Start of INPUT
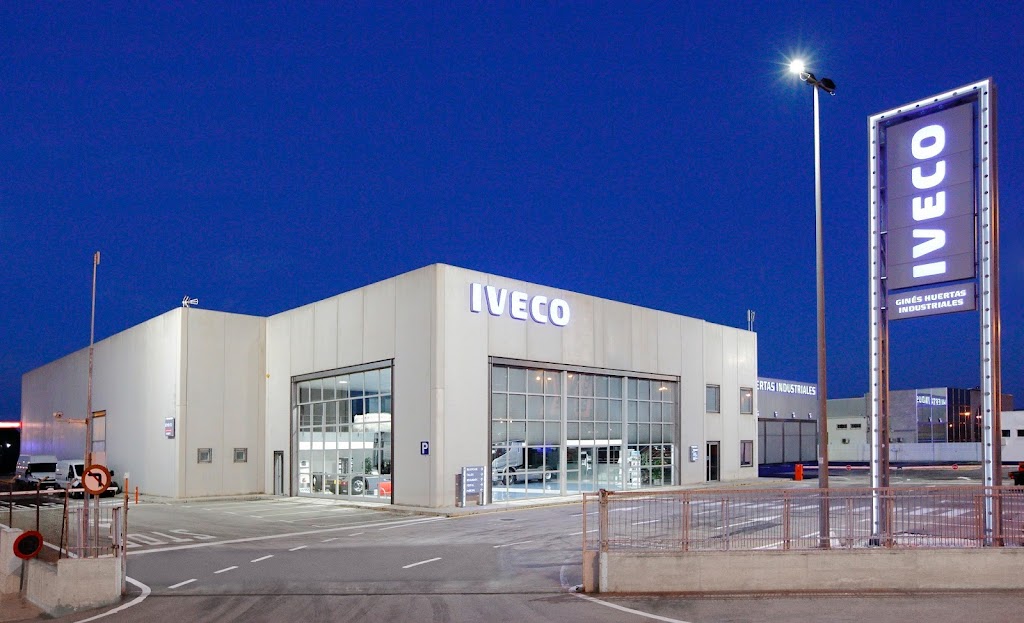 IVECO Gines Huertas Industriales - Murcia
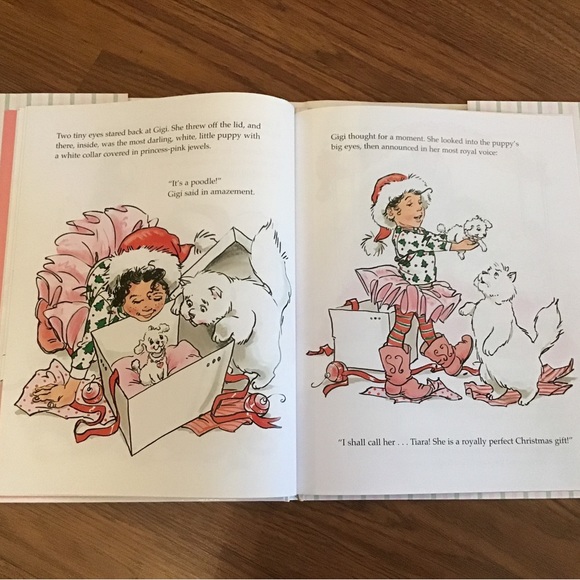 Gigi The Perfect Christmas Gift book - Picture 6 of 8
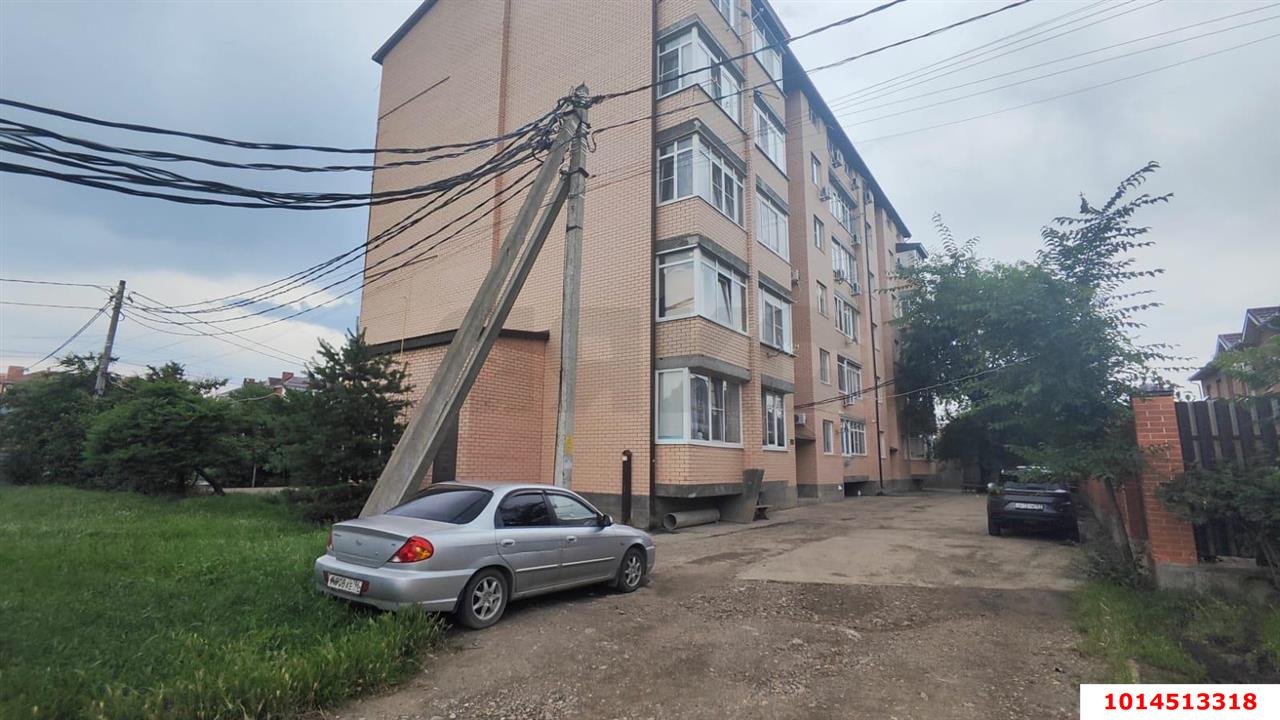 Фото №3: 2-комнатная квартира 58 м² - Краснодар, Сады Калинина, ул. Екатеринодарская, 10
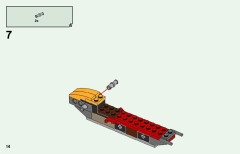 LEGO 71748 instructions page 14 – build guide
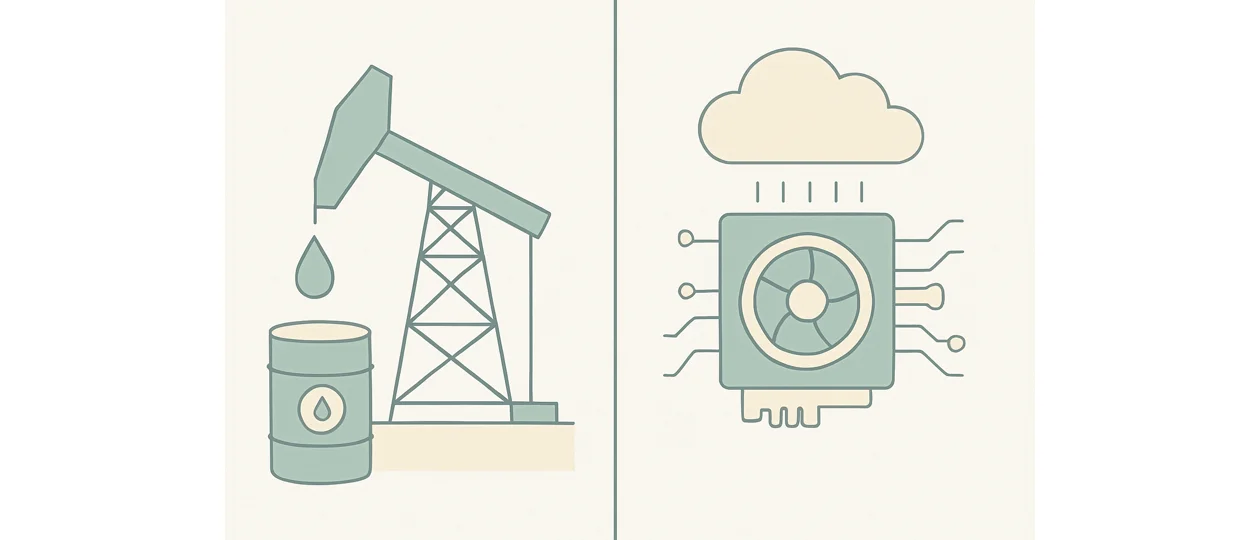 Compute Is the New Oil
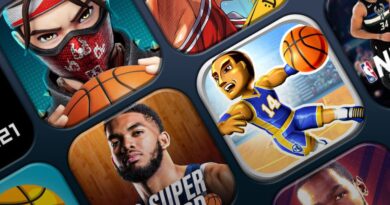 Os 8 melhores jogos de basquete para iPhone e iPad (iOS)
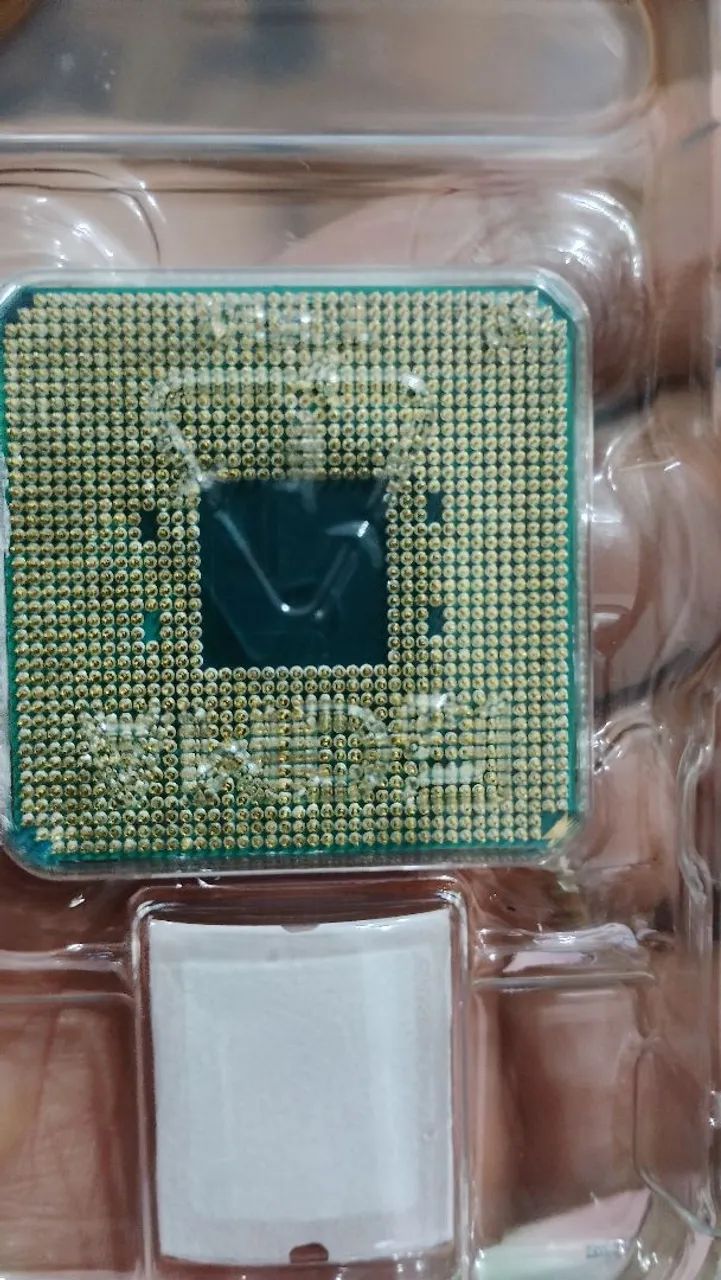Ryzen 5 3400G - Foto 3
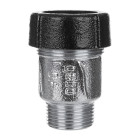 Raccord compression geboquick pour tube acier/pe 19,7-21,8mm - mâle 1''1/2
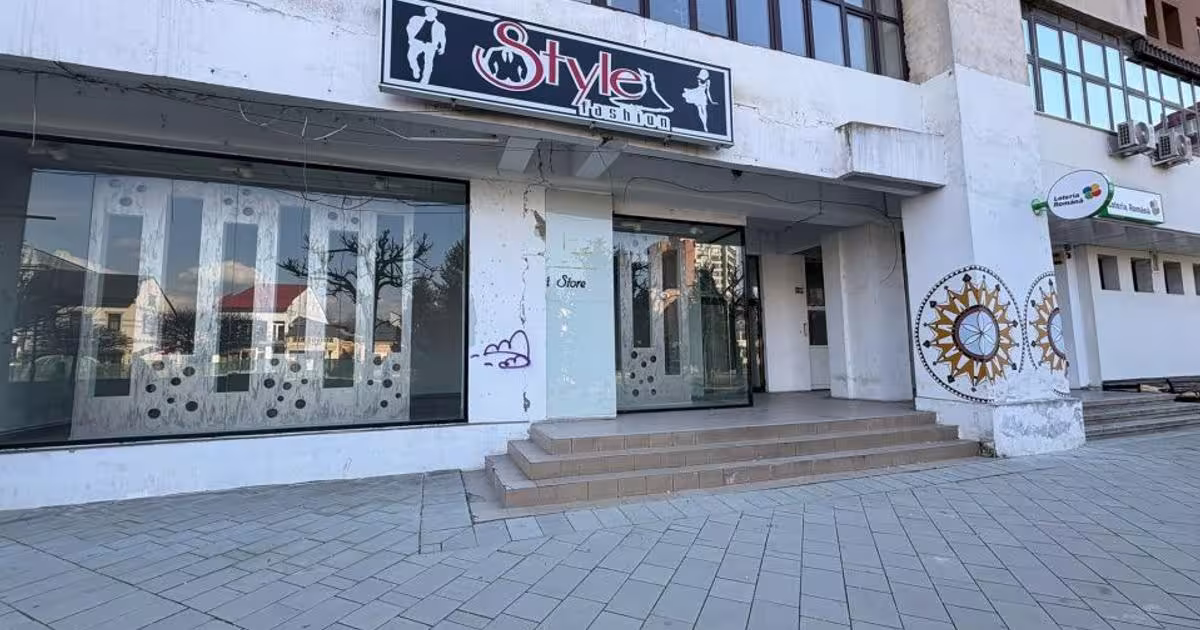 Spațiu comercial 150 mp în zona Central, Târgu Jiu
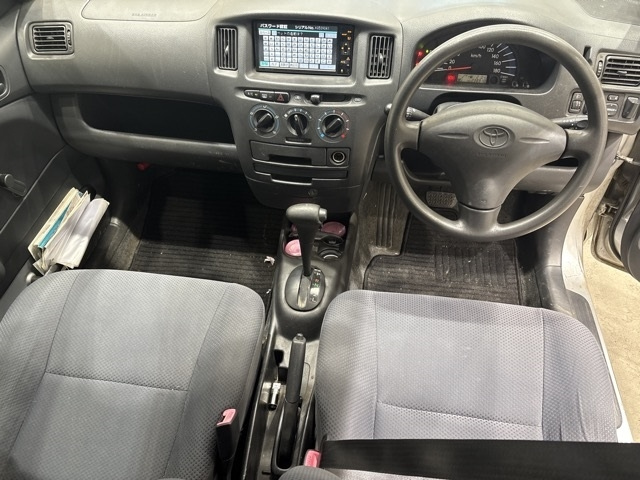 TOYOTA PROBOX 2009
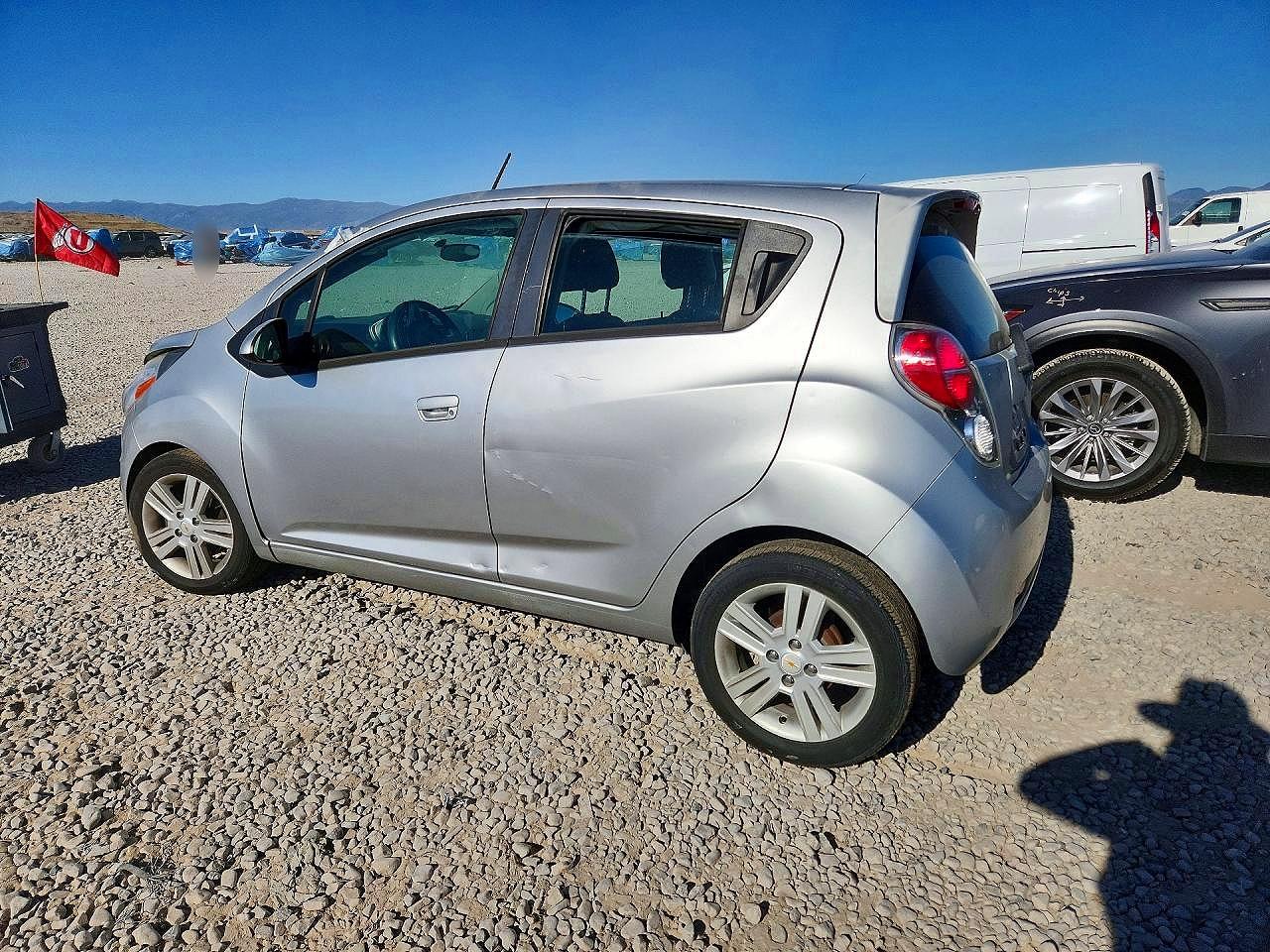 Chevrolet Spark 1lt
End of INPUT
EXERCISE PROMPT
Make an exact copy of the records above, with the pictures left out.

SOLUTION TO THE EXERCISE
 IVECO Gines Huertas Industriales - Murcia
 Gigi The Perfect Christmas Gift book - Picture 6 of 8
 Фото №3: 2-комнатная квартира 58 м² - Краснодар, Сады Калинина, ул. Екатеринодарская, 10
 LEGO 71748 instructions page 14 – build guide
 Compute Is the New Oil
 Os 8 melhores jogos de basquete para iPhone e iPad (iOS)
Ryzen 5 3400G - Foto 3
 Raccord compression geboquick pour tube acier/pe 19,7-21,8mm - mâle 1''1/2
 Spațiu comercial 150 mp în zona Central, Târgu Jiu
 TOYOTA PROBOX 2009
 Chevrolet Spark 1lt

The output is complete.